___ DATA RECORDS
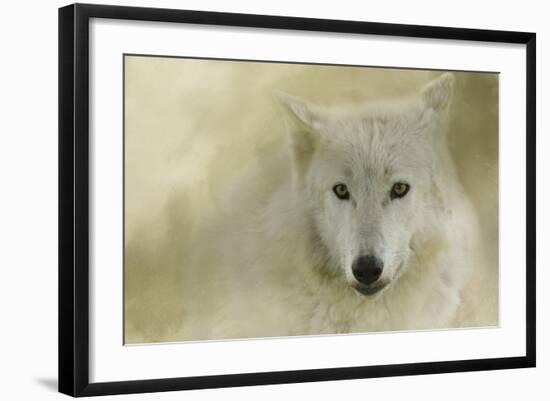 Portrait of a Timber Wolf-Jai Johnson-Framed Giclee Print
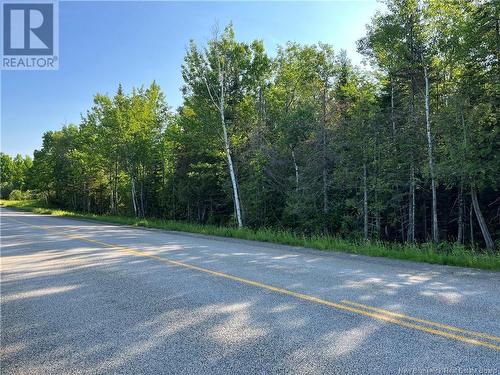 Lot Route 540, Elmwood, NB 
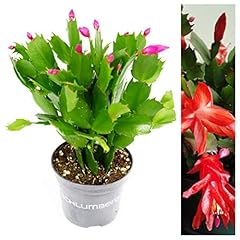 Christmas cactus schlumbergera for sale  Delivered anywhere in UK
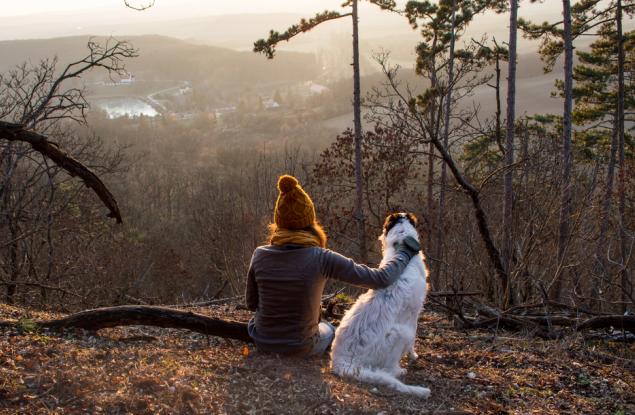 Най-добрият ви приятел е винаги насреща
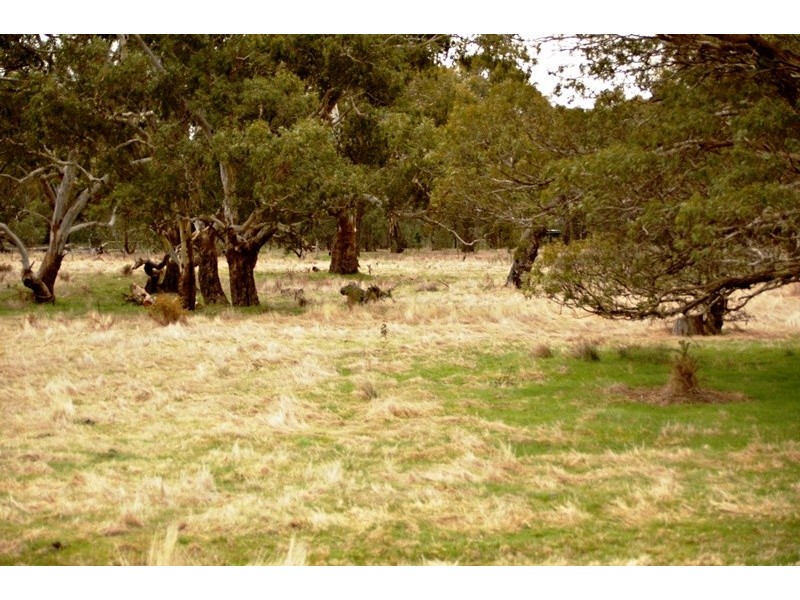 771 Redesdale Road, Kyneton VIC 3444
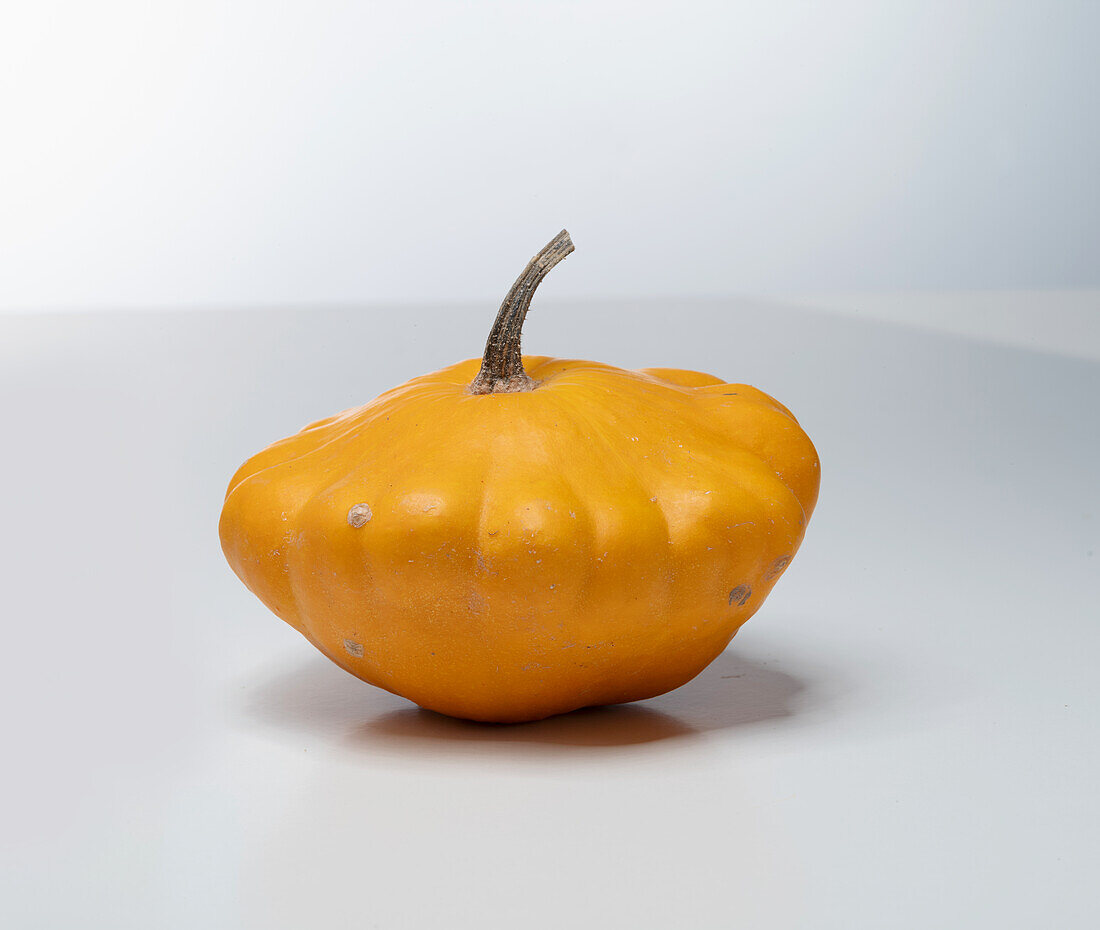 Panaché Jaune (pumpkin variety from France)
______
WORK TO COMPLETE —
Exact lines, nothing more: output the one with "Най-добрият ви приятел е винаги насреща" and every later line through the end of the data, skipping pictures.

REPLY —
 Най-добрият ви приятел е винаги насреща
 771 Redesdale Road, Kyneton VIC 3444
 Panaché Jaune (pumpkin variety from France)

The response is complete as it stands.